London-headquartered media and education group Pearson, owner of the Financial Times, will today post a 17% profit decline for 2000, attributing this to strategic reorganisation and heavy internet spending.
Despite the dive, the results bettered market expectations with pre-tax profits reaching £333 million ($489m), ahead of analysts’ estimates of between £310m-£330m. However, profit was substantially below the 1999 level of £402m.
During the year, Pearson had invested £196m in internet development compared with £39m the preceding year. The group claims that the huge increase in webspend will advance the move into profitability for its online financial news site FT.com and consumer education portal, Learning Network.
The sites are now expected to emerge from the red at the end of 2002 and 2003 respectively, with substantially less investment required during the current fiscal.
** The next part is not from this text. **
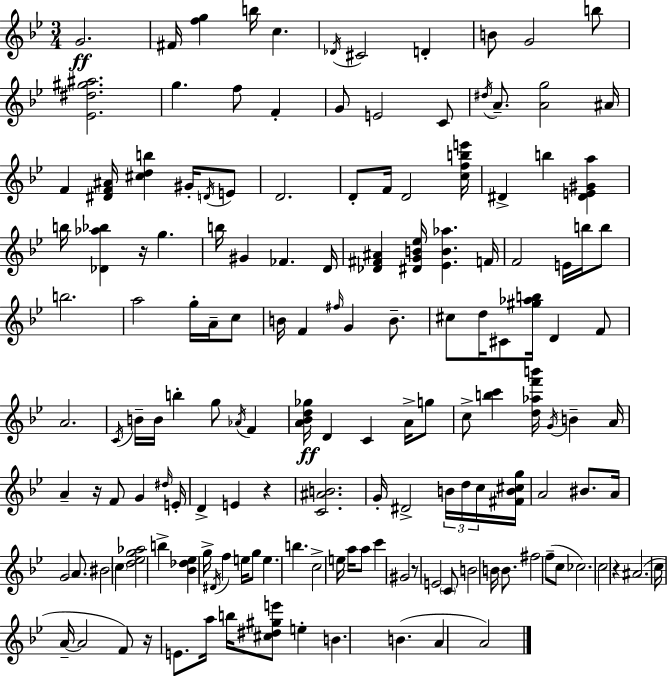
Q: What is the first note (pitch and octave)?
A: G4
Other media-related events contributed to the upheaval in 2000, among them the acquisition of lossmaking publisher Dorling Kindersley, the merging of Pearson Television with CLT-Ufa, and the purchase of a 22% stake in Bertelsmann-owned pan-European broadcaster RTL.
Says Pearson's high profile chief executive Majorie Scardino: "For the fourth straight year, we increased our organic revenue growth, improved our margins and turned in a good cash performance. We are making the moves that enable Pearson to grow more quickly and more profitably."
Separately, Pearson will today launch FT Mobile, a joint venture with mobile phone retailer Carphone Warehouse, offering business and financial content.